Full stock is a stock with a par value of $100 per ration. A full stock issue can be either a preferred share or common part, although for practical purposes today par value of common stock is set at zero or at a assay very close to nil.

BREAKING DOWN ‘Full Stock’

Preferred hoard whose par value is $100 per share is full stock. Preferred carry shares characteristics with bonds, including the fact they are argued with a face value. The yield on a preferred share is simply premeditated as the annual dividend divided by $100. For example, an annual dividend payment of $7.50 per interest is equivalent to a 7.5% yield.
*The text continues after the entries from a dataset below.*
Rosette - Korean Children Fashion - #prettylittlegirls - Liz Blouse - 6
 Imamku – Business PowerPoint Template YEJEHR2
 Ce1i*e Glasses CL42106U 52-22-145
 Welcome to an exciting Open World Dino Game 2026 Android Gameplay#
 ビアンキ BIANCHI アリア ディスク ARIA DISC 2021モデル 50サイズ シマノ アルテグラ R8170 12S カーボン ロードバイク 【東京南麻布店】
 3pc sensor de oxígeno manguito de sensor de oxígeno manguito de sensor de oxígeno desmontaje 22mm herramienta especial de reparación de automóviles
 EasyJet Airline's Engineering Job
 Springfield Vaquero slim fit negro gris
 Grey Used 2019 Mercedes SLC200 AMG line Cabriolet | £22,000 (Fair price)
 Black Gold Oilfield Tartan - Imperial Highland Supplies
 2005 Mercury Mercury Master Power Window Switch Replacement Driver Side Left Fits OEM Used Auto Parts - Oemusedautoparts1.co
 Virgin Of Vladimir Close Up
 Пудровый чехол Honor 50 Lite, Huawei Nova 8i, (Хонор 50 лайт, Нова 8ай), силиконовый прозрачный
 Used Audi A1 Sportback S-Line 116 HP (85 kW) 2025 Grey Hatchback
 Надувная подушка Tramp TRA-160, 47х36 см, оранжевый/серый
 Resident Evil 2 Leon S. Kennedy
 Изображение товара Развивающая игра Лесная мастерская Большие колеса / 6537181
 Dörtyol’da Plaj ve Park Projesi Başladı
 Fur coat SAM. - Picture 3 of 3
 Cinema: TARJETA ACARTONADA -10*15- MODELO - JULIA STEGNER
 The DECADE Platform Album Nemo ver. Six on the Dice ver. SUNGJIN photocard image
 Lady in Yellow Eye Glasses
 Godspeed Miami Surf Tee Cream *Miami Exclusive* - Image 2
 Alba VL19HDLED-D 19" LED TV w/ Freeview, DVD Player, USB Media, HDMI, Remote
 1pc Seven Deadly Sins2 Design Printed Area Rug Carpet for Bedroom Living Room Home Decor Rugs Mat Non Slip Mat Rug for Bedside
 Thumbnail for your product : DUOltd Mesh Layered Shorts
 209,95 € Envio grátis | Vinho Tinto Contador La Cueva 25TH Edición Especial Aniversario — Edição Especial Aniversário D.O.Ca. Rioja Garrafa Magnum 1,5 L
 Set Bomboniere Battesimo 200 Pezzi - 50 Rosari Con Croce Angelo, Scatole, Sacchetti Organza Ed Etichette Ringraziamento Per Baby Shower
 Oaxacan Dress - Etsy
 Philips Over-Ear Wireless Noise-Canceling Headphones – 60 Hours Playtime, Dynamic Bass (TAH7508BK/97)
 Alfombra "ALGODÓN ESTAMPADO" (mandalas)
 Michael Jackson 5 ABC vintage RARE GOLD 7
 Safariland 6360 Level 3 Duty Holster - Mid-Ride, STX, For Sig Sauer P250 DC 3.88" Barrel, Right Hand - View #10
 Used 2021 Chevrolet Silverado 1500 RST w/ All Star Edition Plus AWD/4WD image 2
Common stock, however, is generally discharged with a zero par value or something just nominally above it for accounting purposes. $0.01 par value is normal, as is $0.001, and so on, for companies with shares outstanding. Apple Inc., for instance, set the par value of its hackneyed stock at $0.00001 per share. The purpose of negligible common stock par values is to provide any potential liability to stockholders meaningless if the stock became worthless. In the prematurely days of public companies, when share prices of full founder fell well below $100 or sank to nothing in a bankruptcy, shareholders who owned choke-full stock made claims against the companies to be made whole at $100.

Par value, if something atop zero, is part of a corporation’s legal capital; it is known as paid-in pre-eminent (or paid-up capital). The portion in excess of this nominal value is the secure’s additional paid-in capital. For example, a firm that issues a helping of $0.01 par value stock for $30 will credit the Common Review account (in Shareholder’s Equity) a penny. The additional paid-in capital account require be credited $29.99 for that single share issued.